[Short descriptive text snippets]
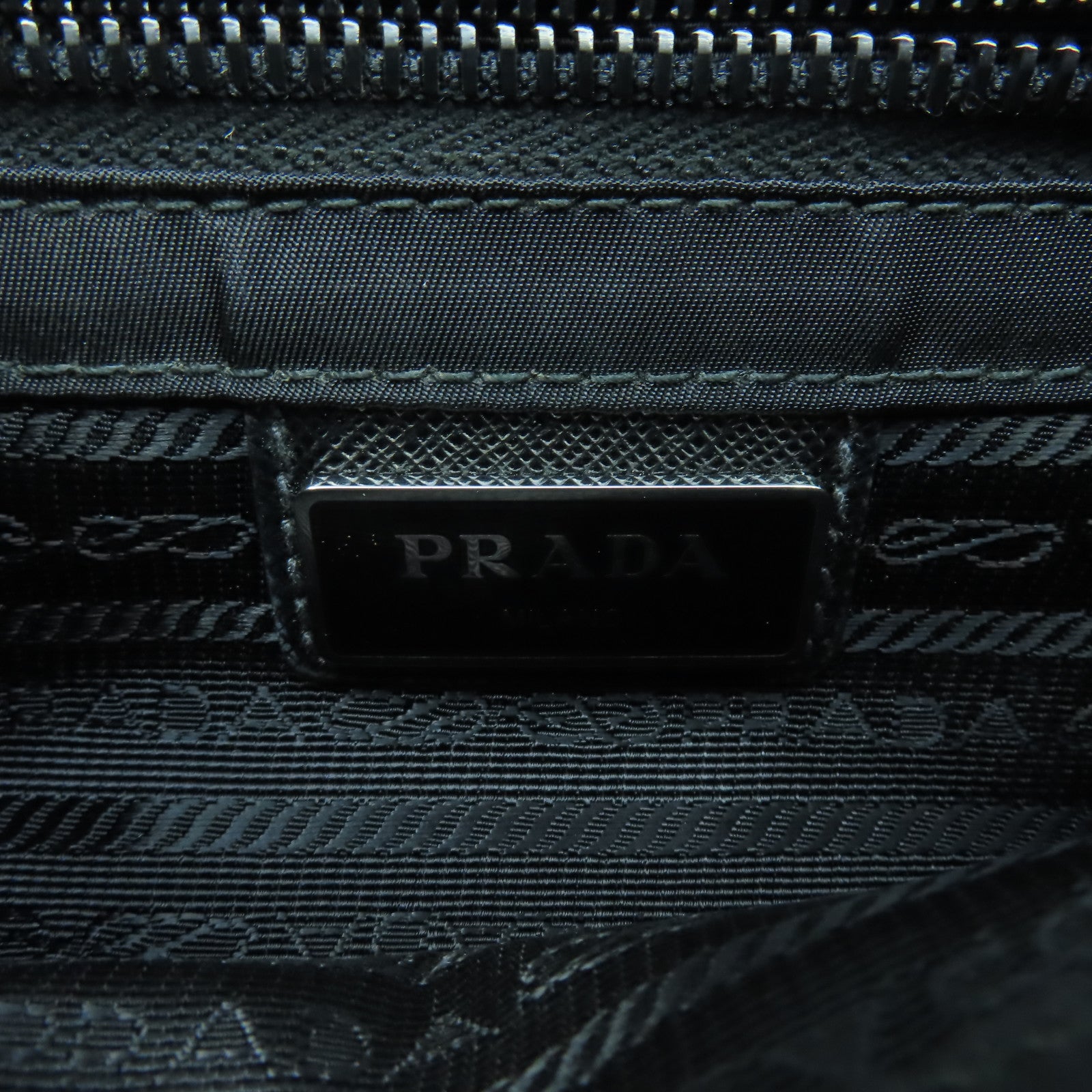 PRADA 尼龍Shoulder Bag銀扣肩背袋黑色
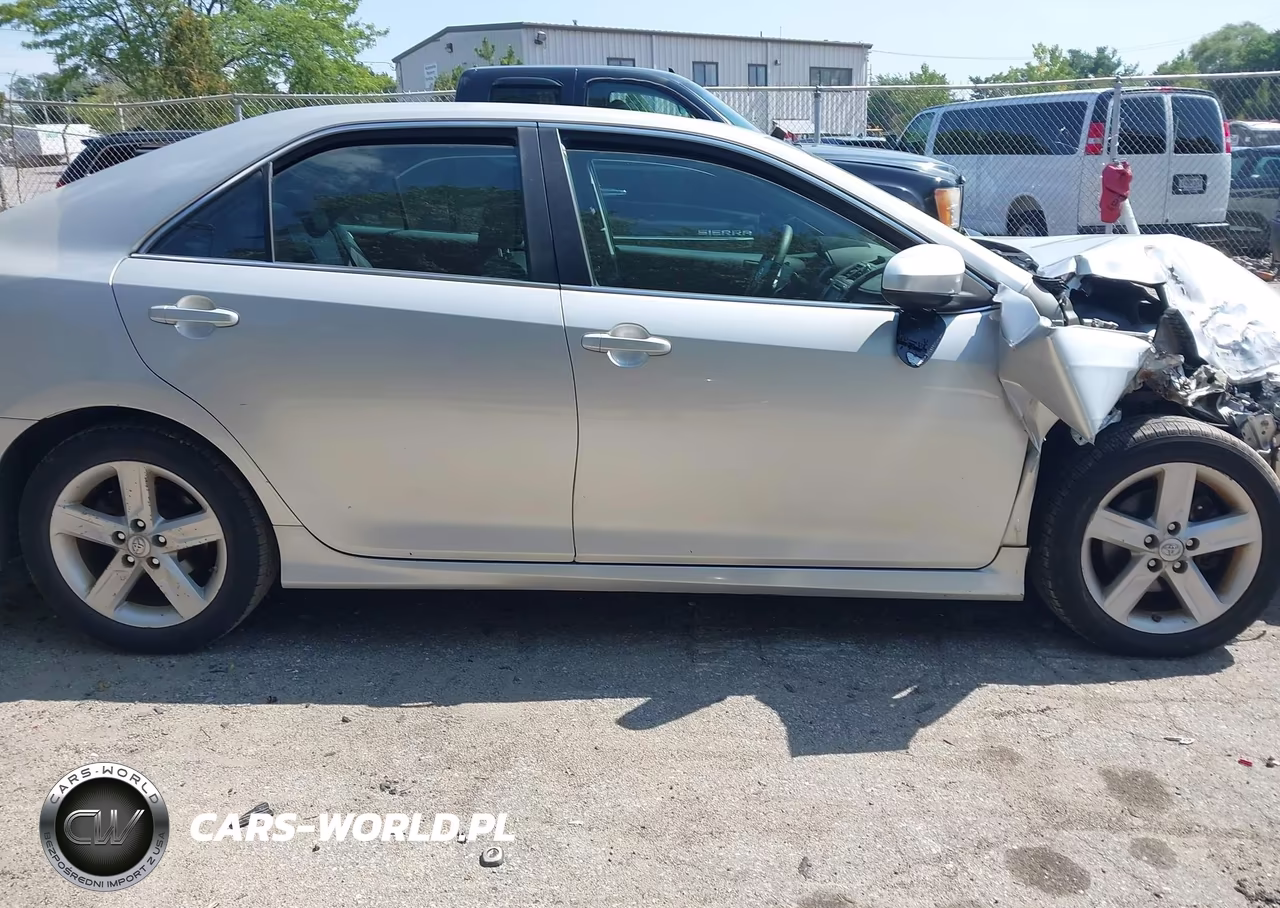 2013 Toyota Camry Se VIN:4T1BF1FKXDU267646 - 13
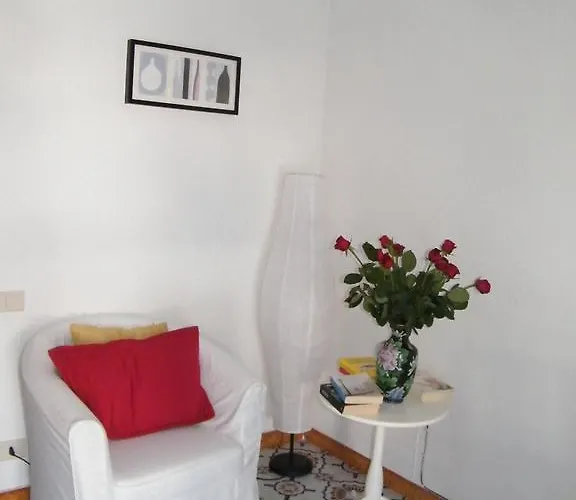 לינה וארוחת בוקר A Casa Di Mario 2*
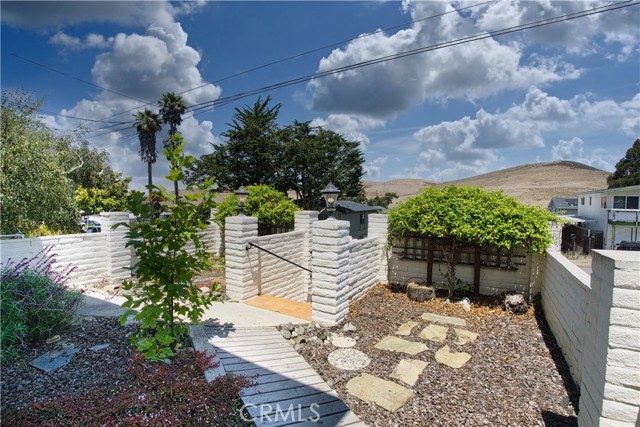 978 Balboa Street, Morro Bay CA: https://media.crmls.org/medias/9986822a-590f-4d99-9953-65c998457021.jpg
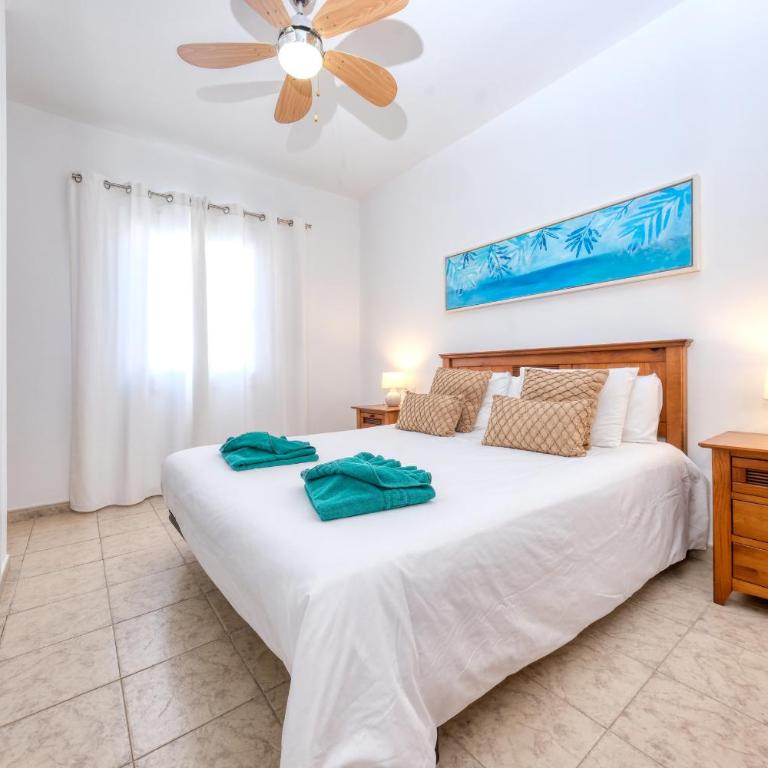Blue Waves House - Heated Pool, BBQ and Bicycles By Lanzarote Vacation Homes - Casa de 2 dormitorios - 15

**DIRECTIONS**
Could you retype every record exactly, leaving the pictures out?

**RESULT OF THE TASK**
 PRADA 尼龍Shoulder Bag銀扣肩背袋黑色
 2013 Toyota Camry Se VIN:4T1BF1FKXDU267646 - 13
 לינה וארוחת בוקר A Casa Di Mario 2*
 978 Balboa Street, Morro Bay CA: https://media.crmls.org/medias/9986822a-590f-4d99-9953-65c998457021.jpg
Blue Waves House - Heated Pool, BBQ and Bicycles By Lanzarote Vacation Homes - Casa de 2 dormitorios - 15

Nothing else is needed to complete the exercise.